*** RECORDS SHOWN ***

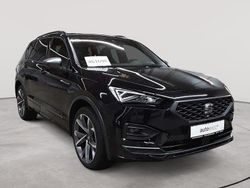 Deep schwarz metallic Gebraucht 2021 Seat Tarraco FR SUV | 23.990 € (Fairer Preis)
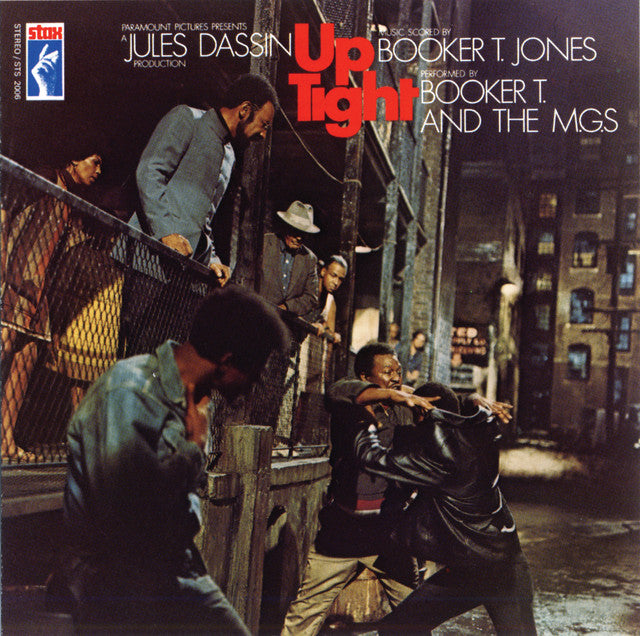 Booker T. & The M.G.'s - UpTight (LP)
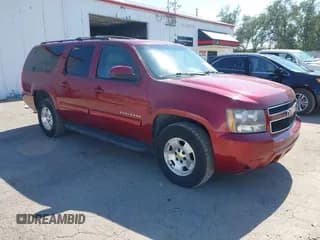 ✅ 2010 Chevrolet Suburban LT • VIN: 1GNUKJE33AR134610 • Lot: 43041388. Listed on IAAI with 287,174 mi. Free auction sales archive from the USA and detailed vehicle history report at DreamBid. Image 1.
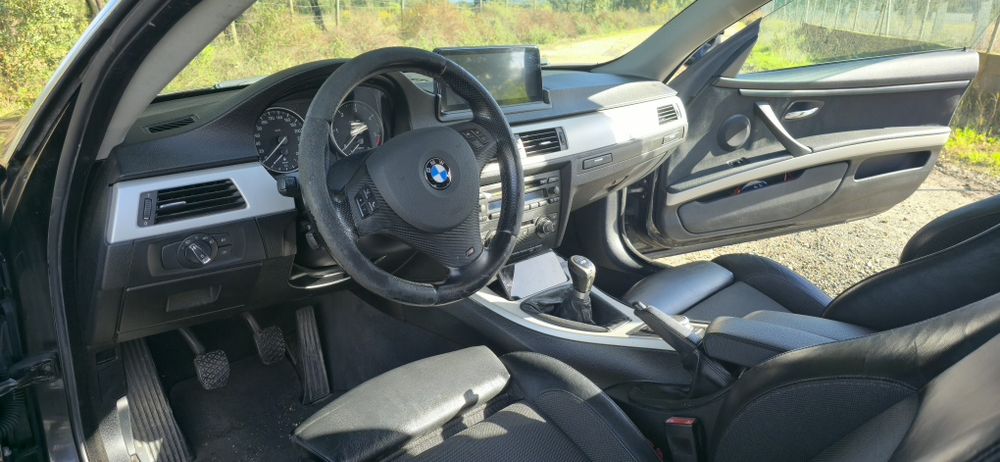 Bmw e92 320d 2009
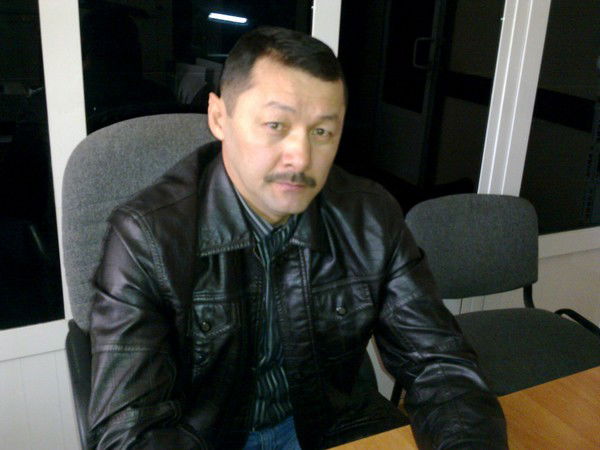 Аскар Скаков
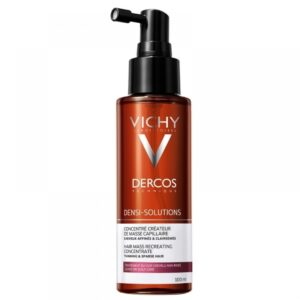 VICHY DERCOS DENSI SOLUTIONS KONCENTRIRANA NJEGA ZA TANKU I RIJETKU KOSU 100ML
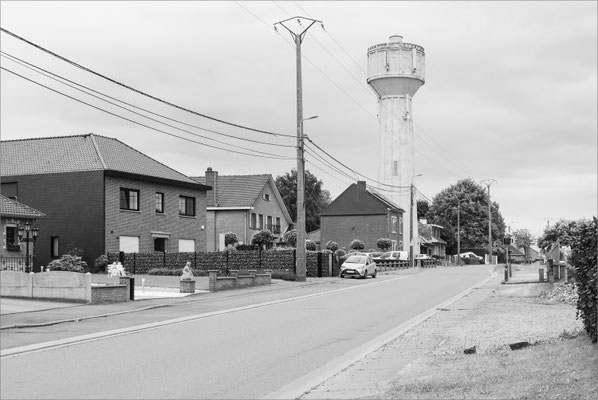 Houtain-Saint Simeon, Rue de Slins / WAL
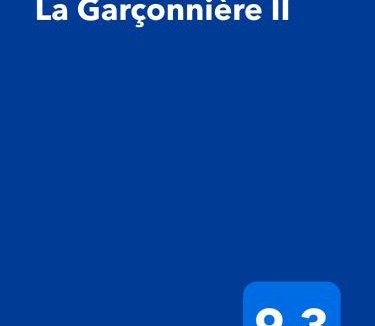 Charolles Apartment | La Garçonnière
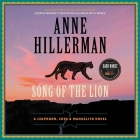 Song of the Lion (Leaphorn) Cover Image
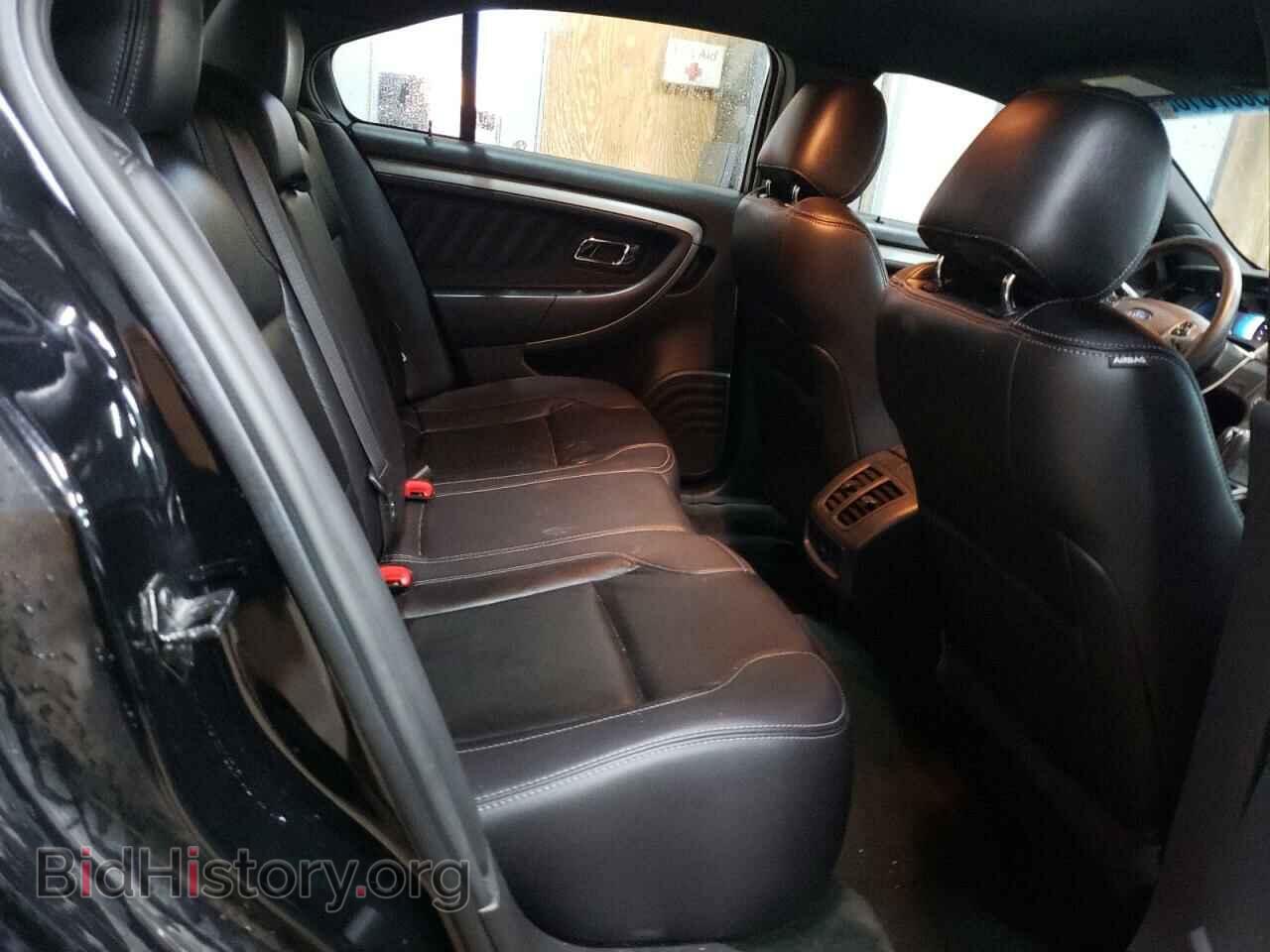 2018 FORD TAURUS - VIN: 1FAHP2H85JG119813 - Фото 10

*** End of RECORDS SHOWN ***

# TASK PROMPT:
Excluding all pictures, reproduce the records exactly as they appear above.

# SOLUTION BELOW:
 Deep schwarz metallic Gebraucht 2021 Seat Tarraco FR SUV | 23.990 € (Fairer Preis)
 Booker T. & The M.G.'s - UpTight (LP)
 ✅ 2010 Chevrolet Suburban LT • VIN: 1GNUKJE33AR134610 • Lot: 43041388. Listed on IAAI with 287,174 mi. Free auction sales archive from the USA and detailed vehicle history report at DreamBid. Image 1.
 Bmw e92 320d 2009
 Аскар Скаков
 VICHY DERCOS DENSI SOLUTIONS KONCENTRIRANA NJEGA ZA TANKU I RIJETKU KOSU 100ML
 Houtain-Saint Simeon, Rue de Slins / WAL
 Charolles Apartment | La Garçonnière
 Song of the Lion (Leaphorn) Cover Image
 2018 FORD TAURUS - VIN: 1FAHP2H85JG119813 - Фото 10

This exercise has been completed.